И звери разорвали его «милостиво», потому что мгновенно, словно зная его жажду. И всякое слово его горит с той поры в истории Церкви и в каждом христианском сердце. И постоянный призыв его перед уже подступающим разделением к единению («Я делал свое дело как человек, предназначенный к единению»), которого он искал следом за апостолом Иоанном, выполняет свою строительную работу. Не зря, когда католическая церковь впервые повернулась к Востоку на Втором Ватиканском соборе, она прибегла к освящающему единство имени Игнатия Богоносца. Но полнота призыва все не слышна, и дело святителя и мученика все впереди…
А от гордости Александровой и Траяновой остались только доживающие стволы колонн по холмам да уже насильно, как на перевязи, поддерживаемые тяжелые своды арок во врастающих в землю термах. И оказывается, они таинственно связаны. Колонны, может, потому еще и прямятся из последних сил, и термы на костылях, но достаивают в чужом им времени, чтобы мы лучше слышали, сквозь какую каменную силу пробивался слабый человеческий голос, слабостью своей сохраняя имя и этого павшего величия, руины которого держатся теперь только памятью апостолов.
*
Эгейское море все поворачивало перед нами краски заката, щеголяло ими, словно дорогими шелками, и уже маячил за закатной полосой смеркающийся Лесбос — остров Сафо, остров изгнания императриц, а Ассос, куда апостол вышел из Троады пешком, все не появлялся, и заночевать нам приходится в селе с нетурецким именем Аполлоний.
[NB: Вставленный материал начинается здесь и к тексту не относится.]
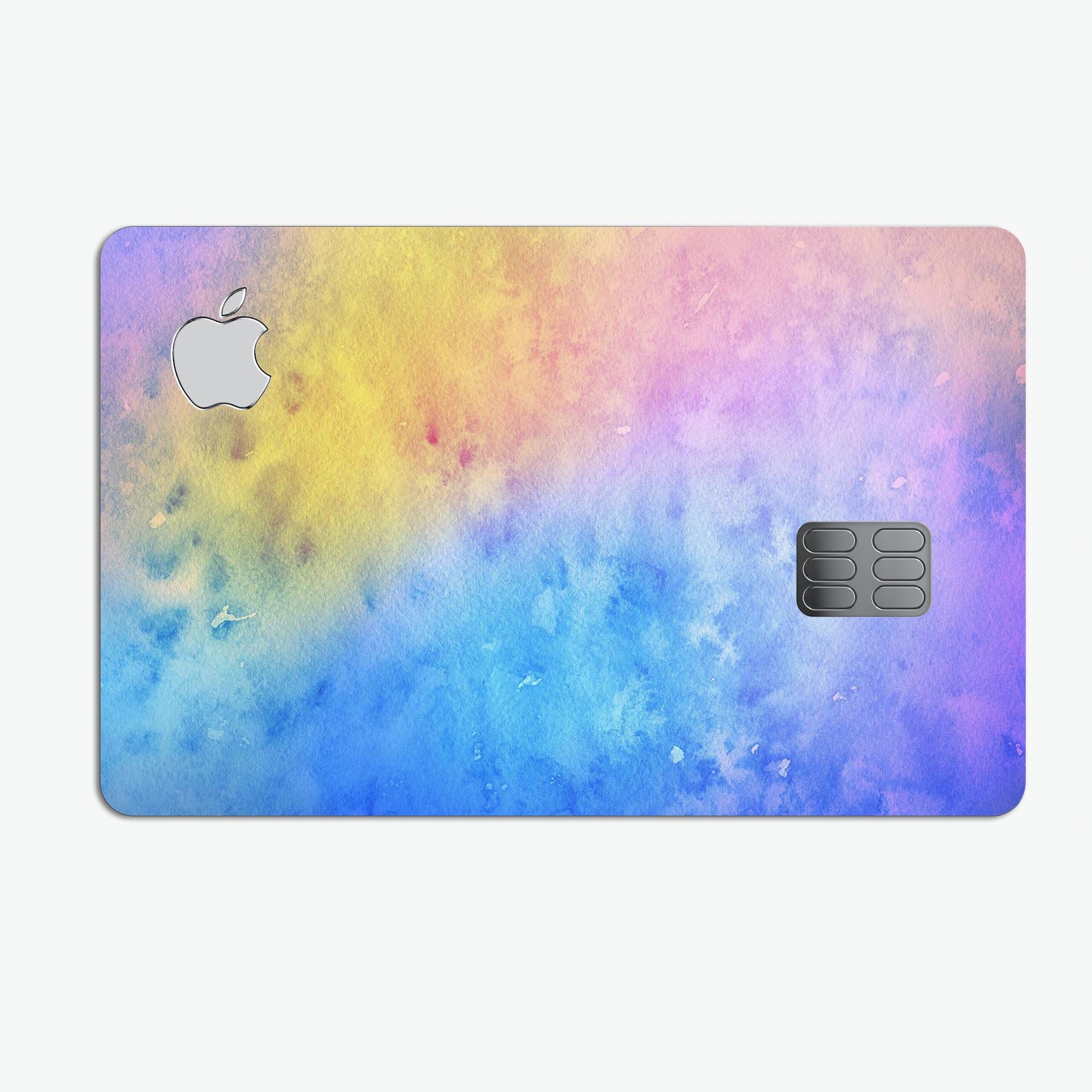 Mixed 5252 Absorbed Watercolor Texture decal on an Apple Card, showcasing vibrant colors and premium vinyl material.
Утром, когда разгорится солнце, прострекочут первые тракторы, позовет ко второму намазу муэдзин, пройдут деревней козы и овцы, пронесут воду из источника старухи с карминными ногтями, мы увидим гордость села — роскошный осколок Аполлонова храма, который мог украшать Афины, — странный привет из ушедшего мира.
Может быть, он разрушился под взглядом проходившего в Ассос Павла, как, по преданию, в Эфесе по молитве апостола Иоанна рассыпался храм Артемиды, так что Герострат напрасно кричал в ночь свое имя — чудо света пало без его пламени. Рациональному уму такое предание могло показаться нелепостью, когда бы мы не знали, что слово молитвы не торопится с последствиями, ибо у него другое время, но не теряет силы.
Что он делал тут, этот Аполлон, между Троадой и Ассосом, кого собирал на поклонение и жертву?
Если апостол Павел выходил в Ассос в ту же пору, что мы, дорога его шла в цветущих тамарисках, в оливковых рощах и садах, в миндале и гранате, во все выше поднимающихся по горам прекрасным селам, где в каком-нибудь Бекташе на одном склоне мы насчитаем девятнадцать почти вплотную ставленных колодцев. Нам объяснили, что кто желал деревне добра, ставил колодец. И вот их девятнадцать, и каждый житель может ходить к своему или чужому, и женщины могут встречаться здесь, как в деревенском клубе.